Tiene la avenida más larga que, cuando se curva, le da paso al viento. En esa curva siempre hay fresco aunque el calor sea un bloque de cemento sobre la cabeza, metros más allá.
Haedo es una localidad del conurbano oeste; es parecida a un barrio, como un barrio es parecido a un pueblo. Y como toda localidad conurbanense, como todo barrio y pueblo, Haedo tiene sus personajes idiosincráticos, folclóricos.
Dicen que se llama Silvia, también Lidia. La nombran con variados apelativos, algunos no muy discretos. En adelante la llamaremos Milva. Para identificarla, se puede decir que es la mujer que canta ópera en las calles de Haedo, la que va con su pavita y su mate, la desabrigada durante todo el año. Con esos pocos datos, los que la conocen, ya tendrán introducción suficiente.
Milva es una mujer menuda, de más de cuarenta o quizás, más de cincuenta; vive al margen de las personas, los lugares, los convencionalismos y la edad también es uno.

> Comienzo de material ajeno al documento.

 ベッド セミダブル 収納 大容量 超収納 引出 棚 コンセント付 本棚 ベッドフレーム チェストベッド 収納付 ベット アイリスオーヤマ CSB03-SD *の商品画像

Sospechamos que fue rubia: nos basamos en su tez blanca, sus ojos claros o tal vez es una broma que nos juega su melena canosa, sin vestigio de color. Vive con lo más elemental o incluso, con algo menos que eso.
Todos la conocen en Haedo. Todos los que van, vienen o permanecen en el barrio, la vieron en alguna oportunidad: Milva atraviesa las calles con una pava y un mate y entona canciones con vibratos y melismas, vocales adornadas por su voz o en un idioma que no llegamos a comprender.
Todos la ven, a diario, envuelta en vestiditos de verano, cualquiera sea el clima. Sus ojotas dejan ver unos pies agrietados, inflamados, con costras de suciedad. Su cabello, en ocasiones, tiene una pátina de grasa que le separa los mechones; en otras, se la ve un poco más limpia. Los pies siempre sucios, siempre maltratados, delatan su soledad, su desvarío, su mundo privado e inalcanzable, sin más reglas que las de su conciencia.
No habla con nadie, o tal vez con nadie que uno pueda percibir. Si alguien le habla, tampoco lo sabemos.
Los vecinos saben dónde vive. Algunos dicen que su casa está impecable, nadie confesó haber entrado alguna vez.
Milva entra en los negocios de venta de ropa y mira los percheros con detenimiento. Los vendedores la miran a ella de reojo.
Varias veces al día va a una farmacia. Se pesa. En verano se queda un rato frente al ventilador. Alguna vez hizo flexiones o conversó con ese alguien que la acompaña y que nadie ve, excepto ella.
¿Cómo se mide el tiempo para Milva? Sabemos que es inmune al invierno: nunca la vimos temblar, castañetear los dientes, nunca la escuchamos quejarse del frío o acurrucarse en un zaguán o protegerse del viento ni la lluvia. No trabaja ¿Tendrá organizados sus conciertos de canto lírico callejero en programas específicos, en jornadas planificadas? ¿Sus sesiones de mates responderán a algún horario o simplemente lo toma cuando tiene ganas? ¿Milva tiene un plan o tiene ganas?
Va al banco, cada mes. Nadie sabe si cobra una jubilación o una pensión. No pide o, si lo hace, su sutileza le evita la vergüenza de la limosna.
Hace unos años entraba al Macdonalds, pedía un vaso de soda y se quedaba durante horas leyendo el diario. Pasaba al baño y se lavaba las manos, con manía aséptica, durante largos minutos. Eran otras épocas, la contracara, la limpieza impoluta.
Dicen que fue cantante de ópera del Teatro Colón, que antes era “normal”, que se comportaba como cualquier vecino; dicen que tiene una familia que la provee de lo más elemental pero nada más que eso.
Muy pocos le temen, ya se sabe que no es agresiva, no se mete con nadie.
Podríamos pensar que Haedo la respeta como a una rareza. O tal vez el respeto responde al misterio: nadie sabe qué le pasó para haber llegado ahí. Cómo fue que Milva ingresó a ese terreno indefinido, laberíntico, que se teme porque no se conoce. Nadie sabe cuál es el camino, cuáles las señales, dónde está el límite que marque la frontera. Esa fina línea que separa este territorio de aquel que Milva habita, al que cualquiera puede llegar, sin saber, sin darse cuenta, un día irreversible.